Restate the records word for word. Include no pictures.
Top of DATA IN THIS EXERCISE
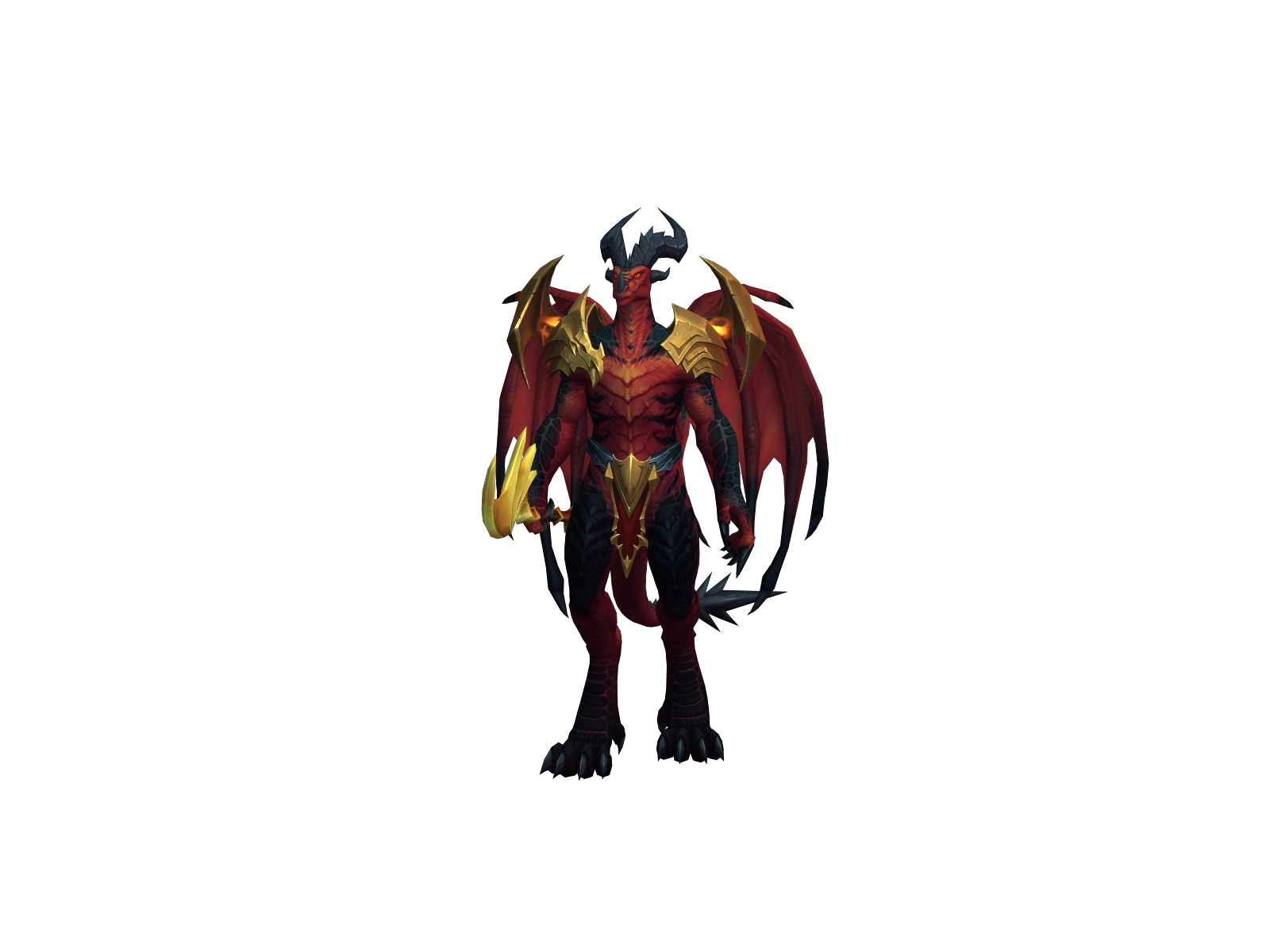Kôvax 3D character render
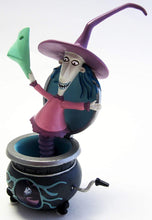 Load image into Gallery viewer, The Hamilton Collection The Nightmare Before Christmas Shock Figurine Jack-In-The-Box Sculpture Exclusively from The Hamilton Collection | Disney Shock Resin Figurine part of the &quot;Jack&quot; In The Box Collection - RCE Global Solutions
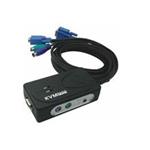 Faranet PS/2 2port KVM Switch With Cable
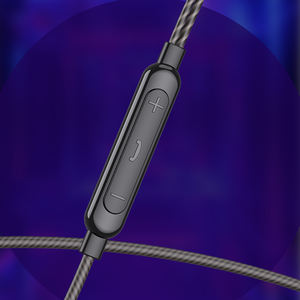 Écouteurs universels KAKU/KAKUSIGA avec micro et contrôle <span class=keywords><strong>filaire</strong></span> (3,5 mm) |   Corne en cuivre de 10 mm 6U |   Vente en gros directe d'usine - Product Image 5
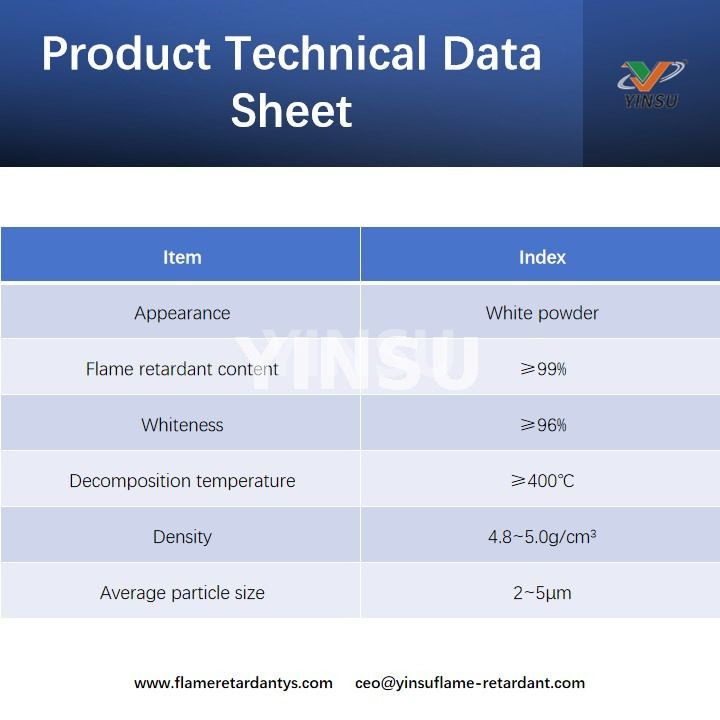 Product Technical Data Sheet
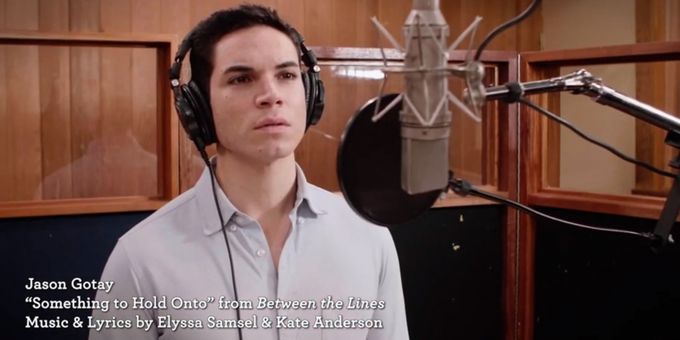 VIDEO: BETWEEN THE LINES Has Released its First Music Video for 'Something to Hold Onto' Featuring Jason Gotay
Bottom of DATA IN THIS EXERCISE
◆ EXERCISE RESULT
Kôvax 3D character render
 Load image into Gallery viewer, The Hamilton Collection The Nightmare Before Christmas Shock Figurine Jack-In-The-Box Sculpture Exclusively from The Hamilton Collection | Disney Shock Resin Figurine part of the &quot;Jack&quot; In The Box Collection - RCE Global Solutions
 Faranet PS/2 2port KVM Switch With Cable
 Écouteurs universels KAKU/KAKUSIGA avec micro et contrôle <span class=keywords><strong>filaire</strong></span> (3,5 mm) |   Corne en cuivre de 10 mm 6U |   Vente en gros directe d'usine - Product Image 5
 Product Technical Data Sheet
 VIDEO: BETWEEN THE LINES Has Released its First Music Video for 'Something to Hold Onto' Featuring Jason Gotay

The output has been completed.